“I’d see to it that you’d have a good time. Lots of parties and first-rate partners. You’d never sit along the wall there. The fellows would be just breaking their necks to dance with you. And theaters—you like theaters, don’t you?”
“Theaters!” she fairly gasped. “I saw Mazeppa in Virginia, and it was—oh, I haven’t got the words! It was something wonderful.”
“Well, we’ll see ’em all. Better forty times than you saw in Virginia, and every night if you want. It’ll be just as good a time as San Francisco and the Colonel can give two girls like you and Rosamund.”
He looked down at her, smiling. She returned the look and said:
“Why are you so good to us? I don’t understand it!”
“Don’t try to. Never exert your brain in needless ways. That’s a fundamental law for the preservation of health. In this particular case I’d be good to myself. You don’t know what it would be for me to have two nice girls to take around.
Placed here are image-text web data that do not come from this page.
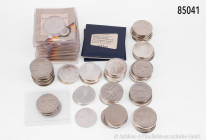 BRD, Sammlung 5-DM-Gedenkmünzen, aus Sammler-Nachlass, über 90 Münzen, aus Abo-Bezug, dabei etliche Dubletten, gemischter Zustand, teilweise original ...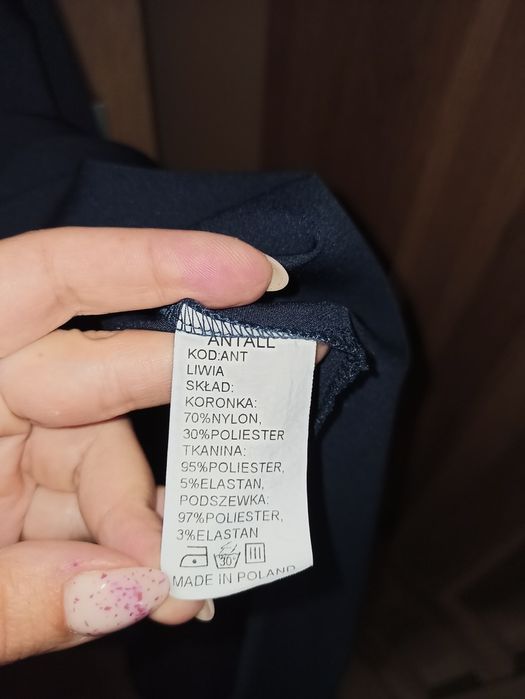 Efektowna suknia wieczorowa Antall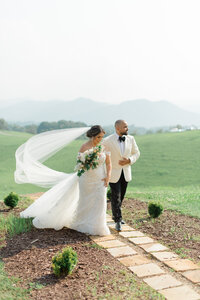 Kristen Weaver Photography Orlando Florida Destination Worldwide Wedding Photographer Named Top Wedding Photographer in World Editorial Fashion Inspired Clean Film Digital KWP Soft Classic29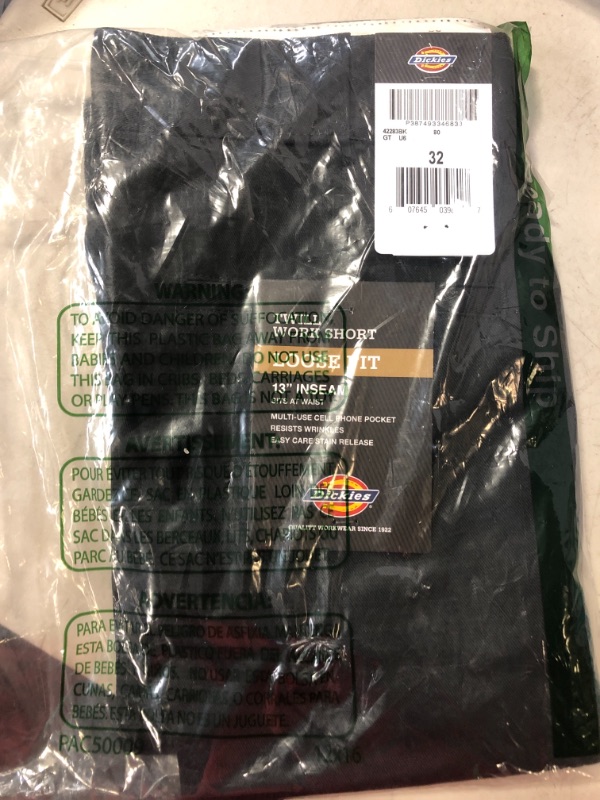 Photo 1 of Dickies Men's Loose-Fit 13" Inseam Work Shorts Solid Black Size 32 NEW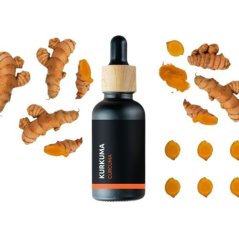 Zwarte glazen fles met houten dop met BIO kurkuma essentiële olie, omringd door verse kurkuma wortels en oranje plakjes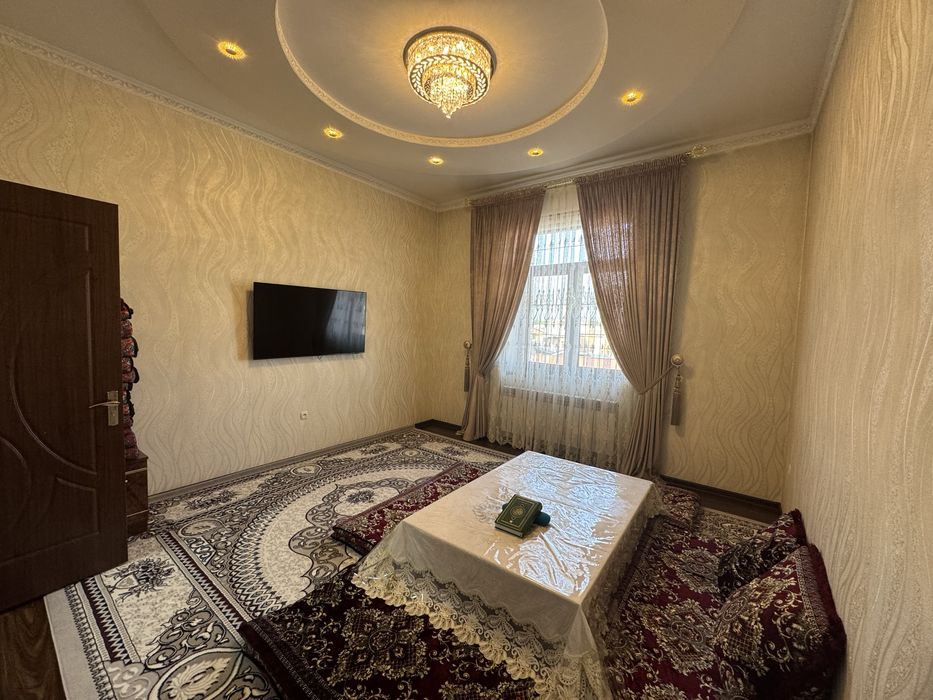 Продается 4х комнатная квартира с мансардой Новостройка Шахристанская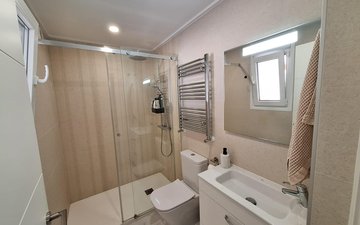 Property slide 32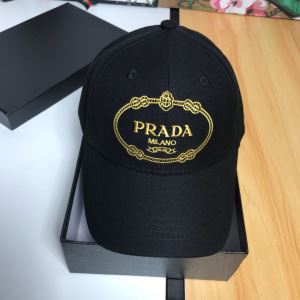 流行ファッション 大人の可愛さを引き立て プラダ PRADA ベースボールキャップ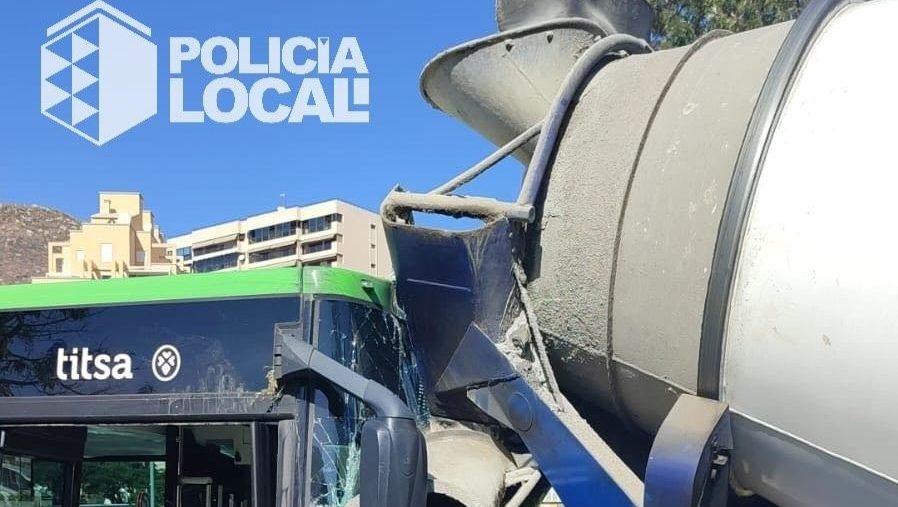 COLISIÓN GUAGUA-HORMIGONERA1 11-1-24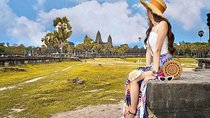 2-Day Angkor Complex & Banteay Srei Tour.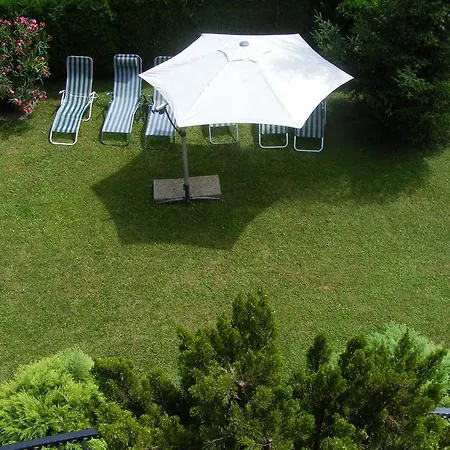 Apartament Erika Apartmanhazak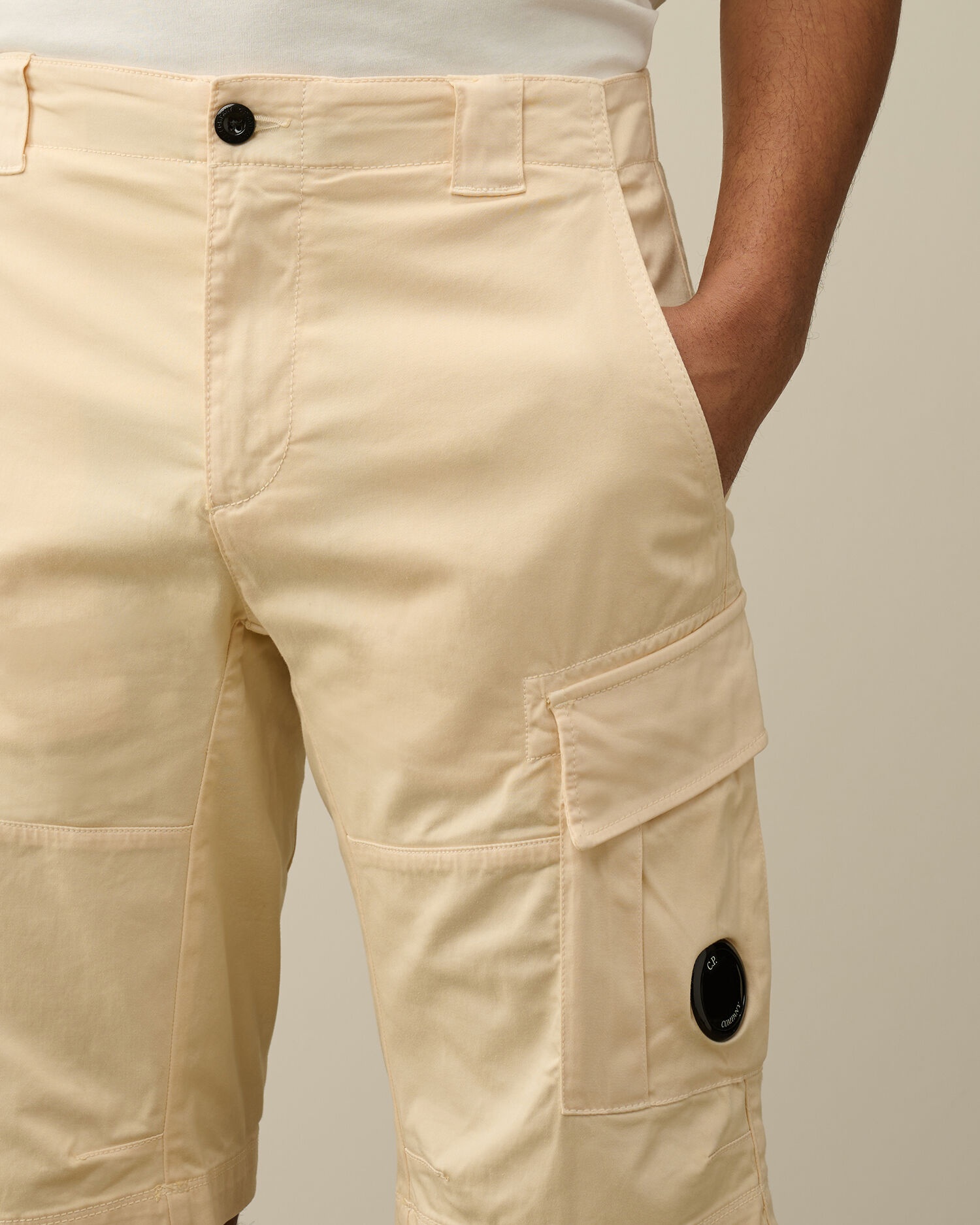 Stretch Sateen Cargo Shorts - 4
I’m a lonely old devil, you know.”
“Are you?” she said with a note of somewhat pensive incredulity. “You’ve never been married, have you?”
“Nup,” said the Colonel.
“You’ll have to look upon us as your daughters,” she continued, “or perhaps your nieces.” The path was narrow and she looked into his face with the glance of demure coquetry he was beginning to know and watch for. “Which would you prefer?”
“Daughters,” he said gruffly, looking into the bushes.